A SET of unexpectedly weak activity data for April pointed toward a stalling economic recovery in China, reviving expectations that the government will continue policies aimed at nurturing growth.

Industrial production expanded 8.7 percent from a year earlier, slowing from the pace of 8.8 percent in March, the National Bureau of Statistics said yesterday.

Retail sales in the month rose by a three-year low of 11.9 percent, narrowing from a gain of 12.2 percent in March.

For the first four months of this year, fixed-asset investment growth moderated to 17.3 percent, the lowest level in more than a decade. That compared with an increase of 17.6 percent in the first quarter.

“The data suggest that China’s economy is yet to stabilize,” said Zhou Hao, an economist at Australia & New Zealand Bank.

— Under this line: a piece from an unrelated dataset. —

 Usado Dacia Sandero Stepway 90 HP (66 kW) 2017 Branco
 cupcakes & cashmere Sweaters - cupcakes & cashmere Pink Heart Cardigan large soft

“If this trend extends into May and June, China’s second-quarter growth could remain below 7.5 percent,” Zhou said. “The authorities would have to further ease monetary policy to help pull the economy out of a state of lethargy.”

Last month, the statistics bureau announced that China’s gross domestic product in the first quarter expanded 7.4 percent, the slowest in 18 months and shy of the official target of 7.5 percent for 2014.

Chen Hufei, an economist at the Bank of Communications, said slower FAI growth was particularly alarming because funding for big infrastructure projects has been a major source of economic stimulus in China.

“Slower investment growth is an indication of slower economic growth for the near future.”

Market watchers had predicted the economy would stabilize after the State Council, China’s Cabinet, in the past month introduced an array of new policies to support growth. The policies included lowering the amount of money rural banks are required to keep in reserve and an accelerated timetable for railway construction in the nation.

Zhu Haibin, JPMorgan chief economist, suggested last week that China should consider extending the so-called reserve requirement ratio to all banks.

Inflation pace moderated to an 18-month low of 1.8 percent in April, according to last week’s data. Money supply picked up, indicating there is room for relaxing the reserve requirement on banks, Zhu said.

However, President Xi Jinping said at the weekend that China’s economy must adapt to a “new normal” in terms of the pace of growth, a comment that many took as a signal that the government has no big new stimulus package up its sleeve.

Not all is bleak on the data front, however.

China’s April trade figures, released last week, reversed March declines in imports and exports. Also, the official Purchasing Managers’ Index, which measures activity in manufacturing, rose to 50.4 in April from 50.3 in March, pointing at modest expansion.